Fossilman Floats Year-long Poker Backing Deal
Looking to back a former WSOP world champion on a year-long basis? If so, 2004 main event winner Greg Raymer might want to hear from you. Fossilman, as he’s been known for years throughout the poker world, has recently floated a crowd-funding package via poker backing site YouStake that seeks people willing to pony up anywhere from a few hundred to a few thousands to share in Raymer’s 2016 tourney wins and losses, whichever they may be.
Poker backing sites have been around for several years, despite the thin but looming legal possibility that such arrangements might run afoul of securities or investment laws in one or more US states. Most people don’t seem to mind, however, and since backing deals tend to be personal relationships for smallish stakes, authorities haven’t bothered to give the whole niche a deeper look. Lots of players offer slices of themselves, both live and online, often with wide expectations for profit and deeply differing rules as to how any profits are to be divvied up between the player and his backers.

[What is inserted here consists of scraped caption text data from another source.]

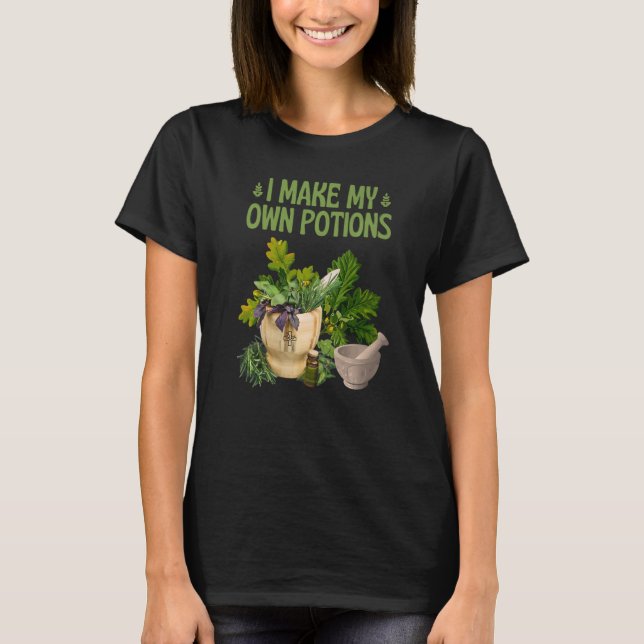 Camiseta Eu Faço Minhas Poções Herbalismo (Frente)
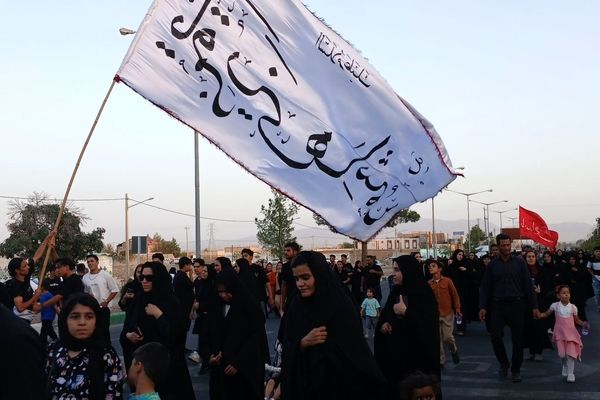 آیین پیاده روی باشکوه جاماندگان اربعین حسینی در شهرستان کاشمر 
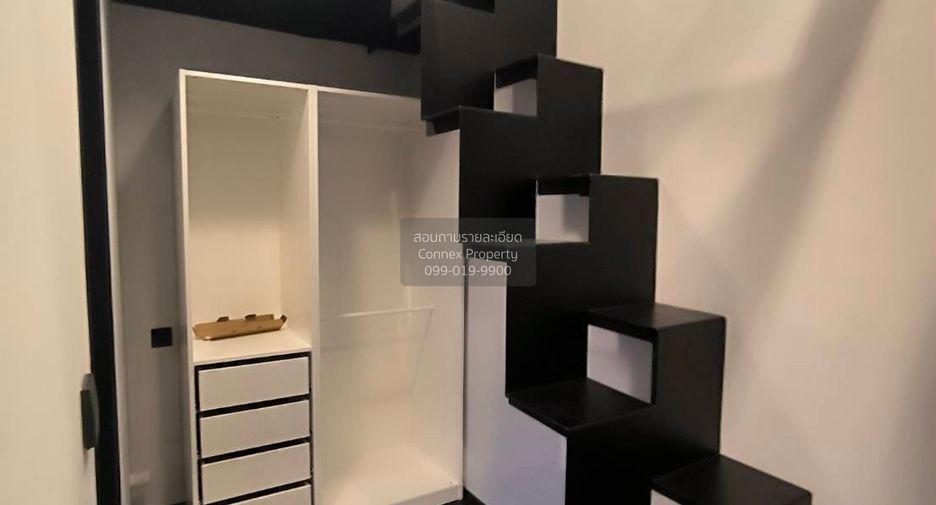 For rent 3 bedrooms townhouse in Huai Khwang, Bangkok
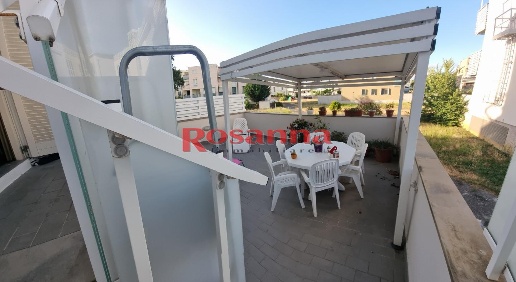 Foto Villa a schiera a Livorno Salviano di 141 m² con 6 locali in vendita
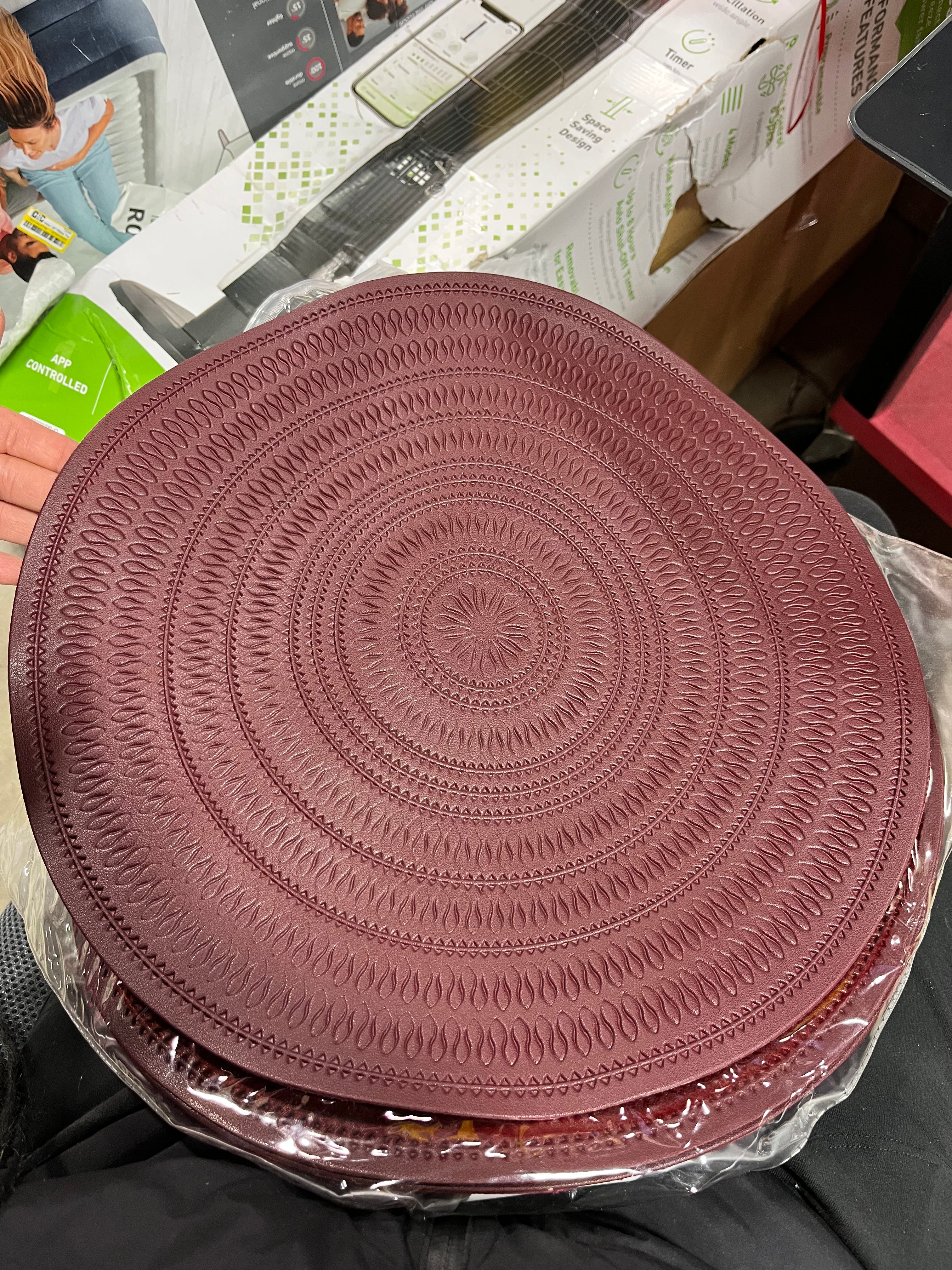 Round PVC Placemats Set Washable Stain Resistant Anti-Skid (Set of 6)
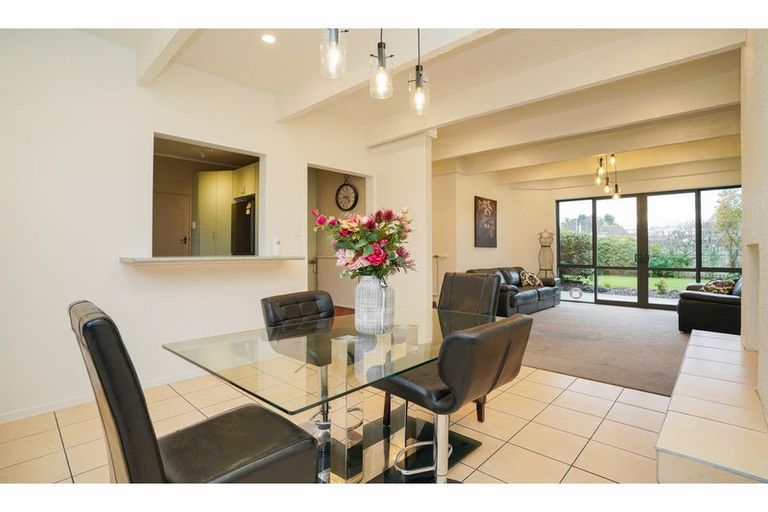 Photo of property in 27 Kildare Drive, Waikiwi, Invercargill, 9810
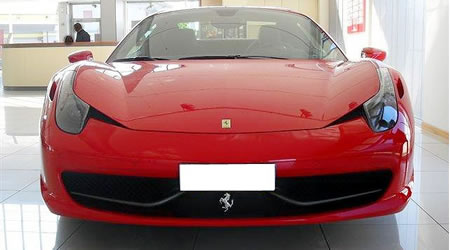 2012年 フェラーリ 458スパイダー(写真)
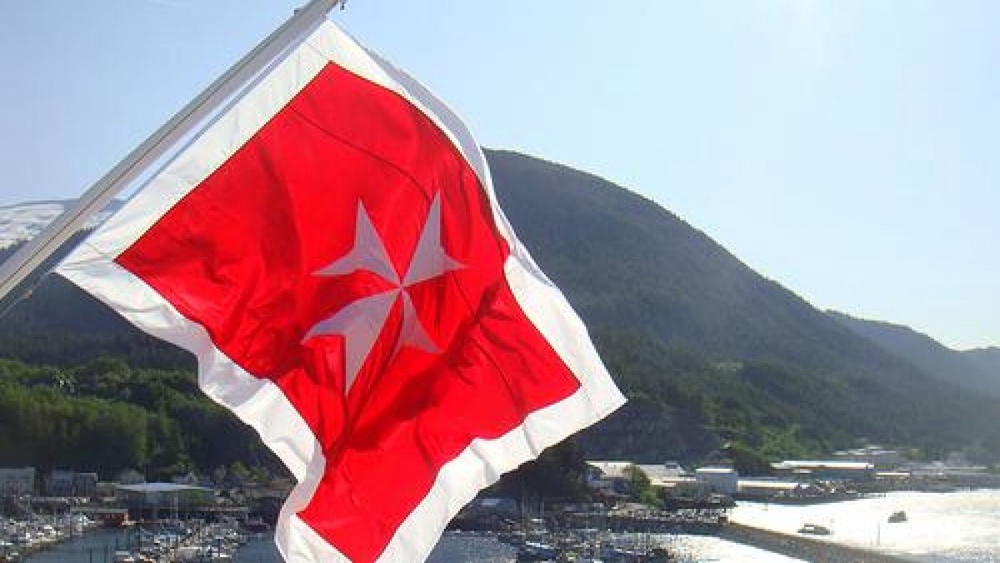 Мальтийский флаг. Фото с сайта timesofmalta.com
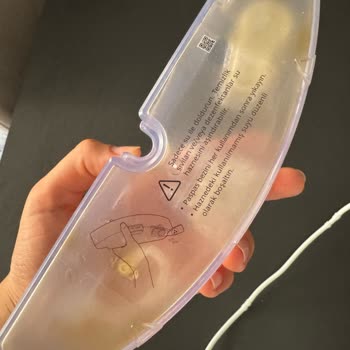 Roborock S8 Water Tank Turned Green and Dust Bin Smells After Just a Few Months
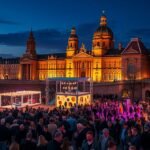 Frankfurti Múzeumpart Fesztivál éjjel, fényekkel és tömeggel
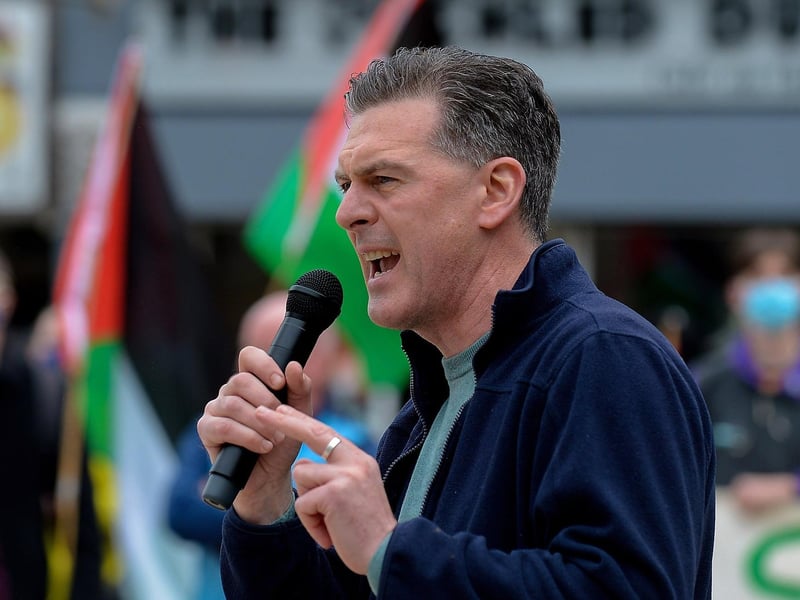 Colr. Shaun Harkin addresses the rally in Guildhall Square, on Saturday afternoon last, calling for an end to the violence against the people of Palestine. Photo: George Sweeney. DER2119GS – 034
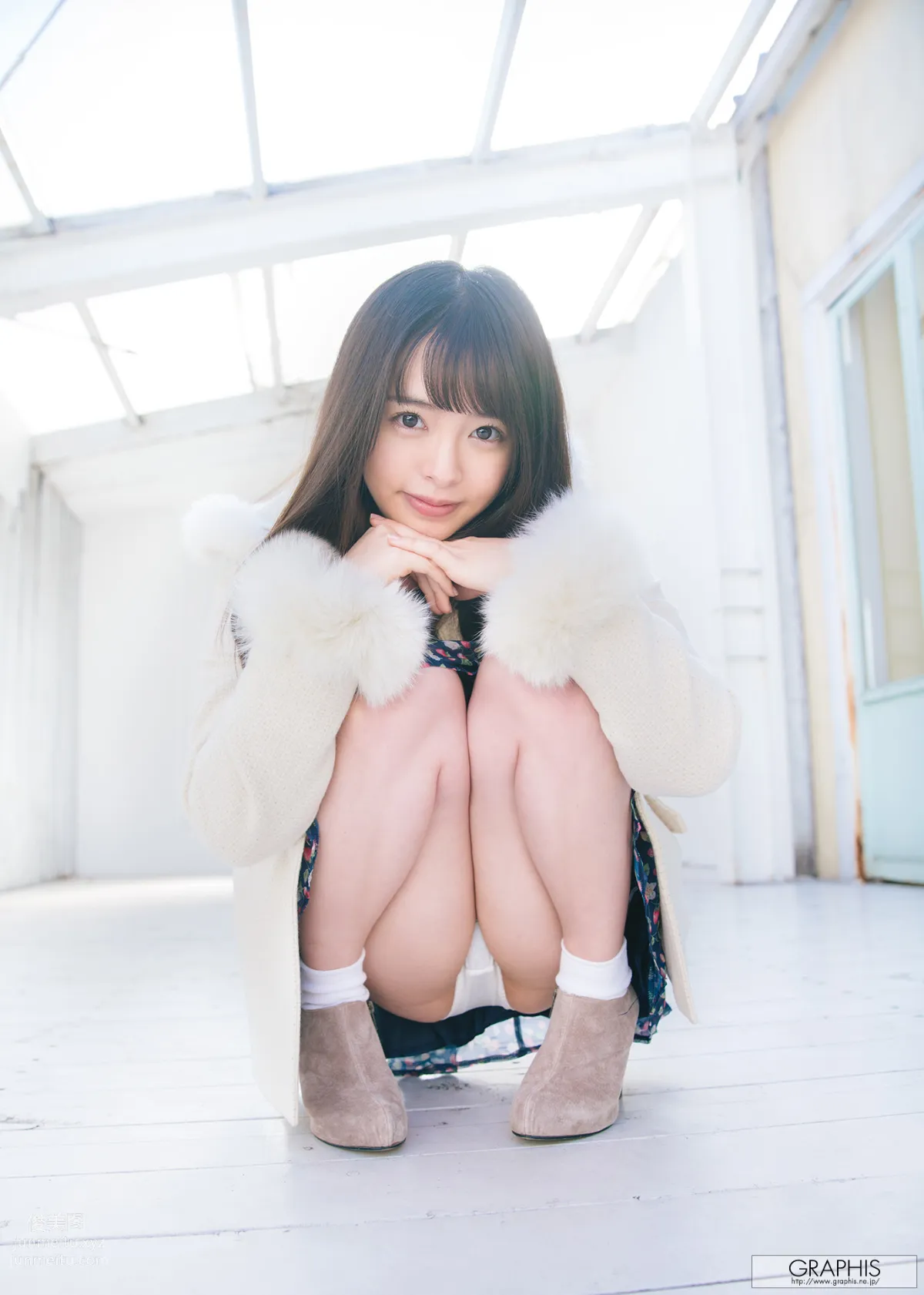 [Graphis] 2018.04.09 初脫ぎ娘 小倉由菜 Yuna Ogura page 14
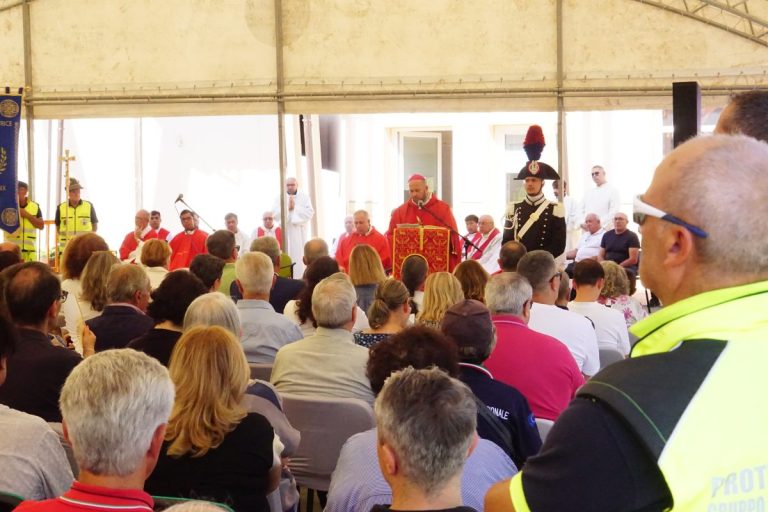 Santa messa in ricordo delle vittime del terremoto 2016, Vescovo Piccinonna: “Vedrete il Cielo aperto!”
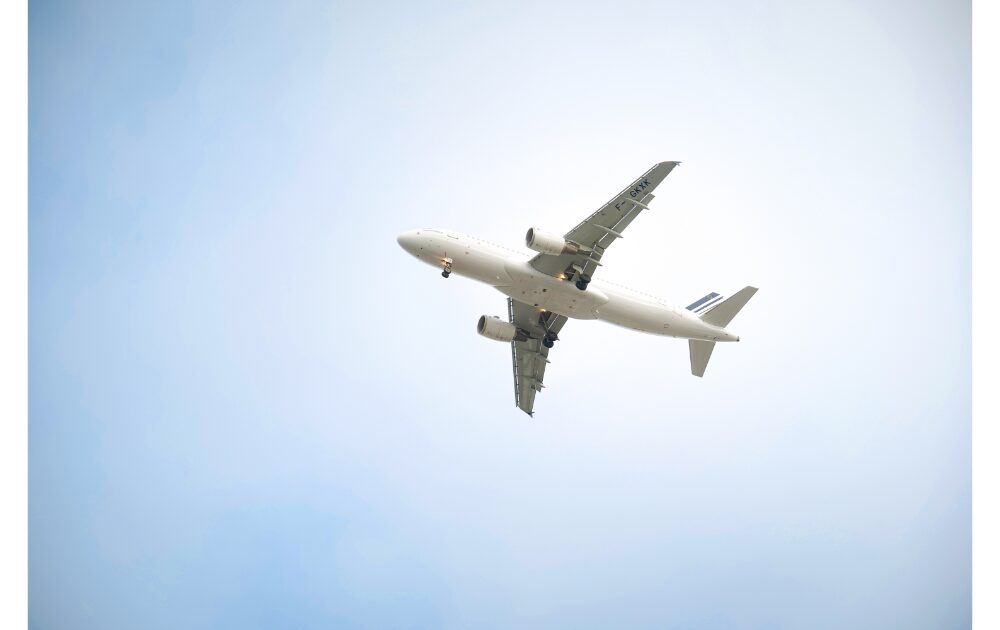 空を飛ぶ飛行機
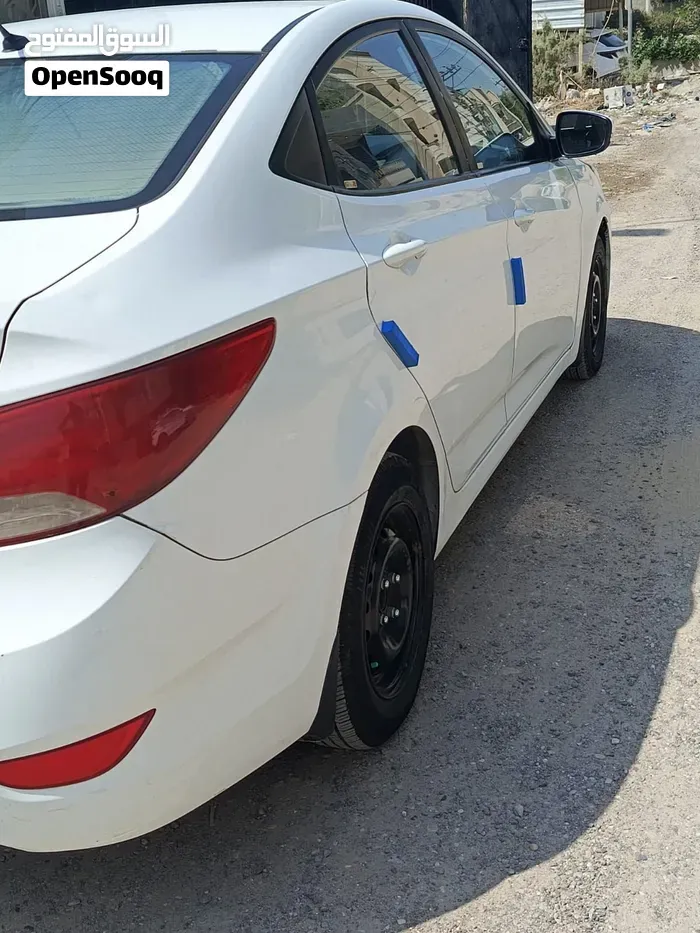 Hyundai Accent 2017 photo 2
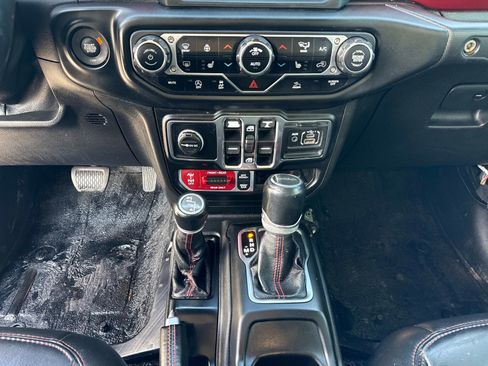 Used 2021 Jeep Gladiator Rubicon image 25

In other words, it’s always best to read the fine print. And we at FlushDraw aren’t doing any endorsing of Raymer or his public backing offering; we’re just deeming it newsworthy for a couple of unusual properties.
First, it’s not every day that a former Main Event winner offers pieces of himself on backing forums. Most such poker names are either well financed themselves or have long-standing relationships with other well-heeled poker players and gamblers that help them slide through the inevitable lean stretches that any tourney player endures.
The other thing that’s unusual is that the deal that Raymer has assembled covers the entire 2016 calendar year, instead of just one of a small handful of closely related events, such as a WSOP package deal. Raymer laughingly blames his wife for the whole concept coming to fruition, writing:
Since I no longer receive a guaranteed source of income, my wife [Cheryl] has become more nervous about poker. Although I have a 23 year track record of winning results in both tournaments and cash games, she is not a poker player, and is worried that I will start losing. And without a paycheck to immediately recoup any losses, she gets anxious. So, to make her happy, I have chosen to sell off a big piece of my bankroll, so that my downside risk is a lot more limited (and my upside potential, but try explaining that to her, lol). Even though this move is costing me EV, it is worth it because it provides marriage EV. Happy wife, happy life!
As for the deal itself, Raymer is seeking to raise just over $100,000, which he will use to buy his way into poker action throughout the year as he tours the nation and world putting on his instructional seminars, which is one way a well-known, still-marketable pro can generate some guaranteed income. Raymer had already chipped in 20%, or $20,000, and several of his long-term backers were already on board for another 30% ($30,000) at the time he took the rest of the backing offer public earlier today.
Poker fans wanting to join the Fossilman 2016 parade can buy in for as little as a tenth of one percent ($105), on up to five percent ($5,250) based on affordability and interest. The prices also include a 5% YouStake processing fee.
Raymer, who plans to offer detailed monthly updates to his prospective backers, also noted that he had such backing even before his breakthrough win back in 2004. As he wrote:
Prior to the 2004 Main Event, I had done something similar. I sold pieces of my action to a group of about 18 individuals, who bought 1-10 shares each, while I bought a much larger portion. We did this for a series of 4 consecutive 6-month periods, ending in the spring of 2004. For the first three periods, the share price went up by about 20% total. In the fourth period, the share price went up by about 6000%. Since then, I have played entirely on my own bankroll until these last two years when I again sold pieces to please Cheryl.
Interest appeared to be slow in the few hours since his public announcement, though a few fans had already joined in, pledging several hundred dollars. It remains to be seen whether Raymer’s concept flies all the way to a sold-out state, just as it serves as a bit of a referendum on how well known and popular Fossilman is today, nearly 12 years after his triumph in Vegas.